Environment Variables

The application uses many environment variables to store client information for third-party apps (like Office authentication, Discord bots, etc.). These environmnent variables should be stored in config/local_env.yml and a template exists in config/local_env.example.yml.

Each of these variables serves its own purpose (some described above in other sections). You do not need any of these configured to get the website running but you need them for certain things.
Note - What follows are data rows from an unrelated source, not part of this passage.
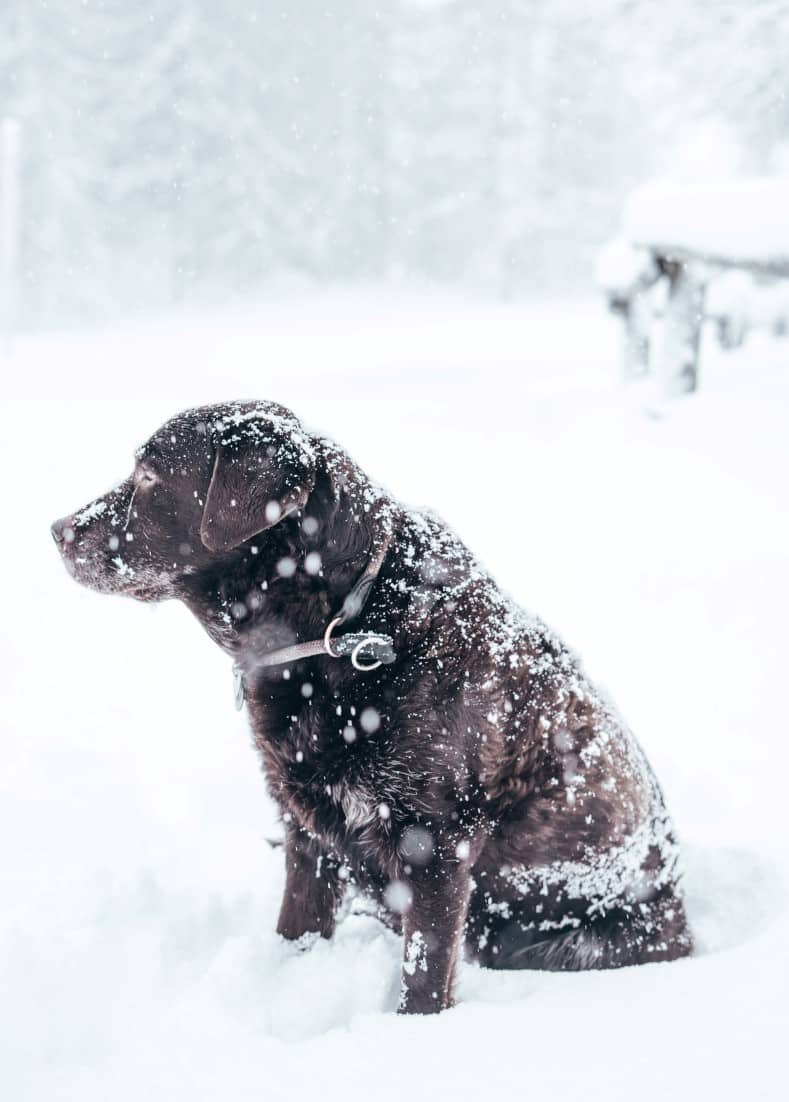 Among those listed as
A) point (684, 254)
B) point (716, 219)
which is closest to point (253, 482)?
point (716, 219)

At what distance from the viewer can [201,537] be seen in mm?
2033

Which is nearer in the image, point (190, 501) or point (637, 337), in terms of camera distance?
point (190, 501)

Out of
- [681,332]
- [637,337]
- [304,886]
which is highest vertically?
[681,332]

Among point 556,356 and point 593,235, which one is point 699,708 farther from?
point 593,235

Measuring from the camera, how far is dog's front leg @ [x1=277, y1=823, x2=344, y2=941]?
246 centimetres

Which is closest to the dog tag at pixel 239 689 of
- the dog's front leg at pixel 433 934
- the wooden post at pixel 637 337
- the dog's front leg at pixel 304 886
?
the dog's front leg at pixel 304 886

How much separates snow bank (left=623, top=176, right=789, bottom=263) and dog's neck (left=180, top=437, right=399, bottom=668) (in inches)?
190

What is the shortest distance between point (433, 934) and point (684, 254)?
20.6 feet

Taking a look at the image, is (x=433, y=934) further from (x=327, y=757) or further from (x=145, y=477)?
(x=145, y=477)

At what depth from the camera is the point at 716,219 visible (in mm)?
6543

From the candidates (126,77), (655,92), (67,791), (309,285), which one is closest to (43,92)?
(126,77)

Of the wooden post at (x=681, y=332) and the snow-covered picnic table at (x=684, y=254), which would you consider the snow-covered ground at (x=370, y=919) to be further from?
the snow-covered picnic table at (x=684, y=254)

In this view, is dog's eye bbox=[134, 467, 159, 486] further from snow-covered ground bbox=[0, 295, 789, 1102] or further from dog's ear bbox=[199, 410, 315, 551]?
snow-covered ground bbox=[0, 295, 789, 1102]

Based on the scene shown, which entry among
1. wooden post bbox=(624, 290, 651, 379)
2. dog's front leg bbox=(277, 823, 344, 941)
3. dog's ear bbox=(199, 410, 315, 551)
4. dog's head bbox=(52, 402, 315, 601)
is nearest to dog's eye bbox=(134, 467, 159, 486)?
dog's head bbox=(52, 402, 315, 601) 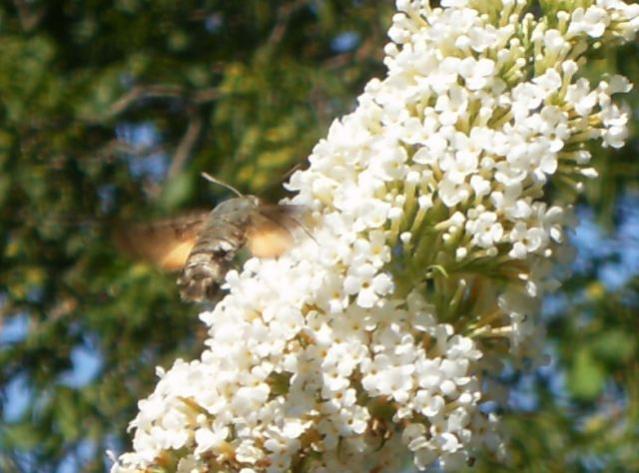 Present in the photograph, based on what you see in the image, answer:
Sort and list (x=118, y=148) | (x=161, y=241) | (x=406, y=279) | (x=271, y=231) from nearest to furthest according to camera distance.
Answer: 1. (x=406, y=279)
2. (x=271, y=231)
3. (x=161, y=241)
4. (x=118, y=148)

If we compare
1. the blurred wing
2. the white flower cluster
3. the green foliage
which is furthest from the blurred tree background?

ENV Variable Name Description
DISCORD_BOT_TOKEN Discord application's bot token
DISCORD_CLIENT_ID Discord application's client ID
DISCORD_CLIENT_SECRET Discord application's client secret
DISCORD_SERVER_ID Guild (server) ID for the Discord server that the application is adding users to
DISCORD_ANNOUNCEMENT_CHANNEL_ID Channel ID for the channel that the bot will send event announcements to
HOST Website URL (https://localhost:3000 for local instances)
GMAIL_USERNAME Email address that the website sends emails from
GMAIL_PASSWORD Password to the email address
AZURE_CLIENT_ID Azure project's client ID (for signing into UWindsor accounts)
AZURE_CLIENT_SECRET Azure project's client secret

Common issues

A few people reported issues with a dependency, libv8. This can be fixed by installing the libv8-dev package using: sudo apt-get install libv8-dev or brew install libv8-dev.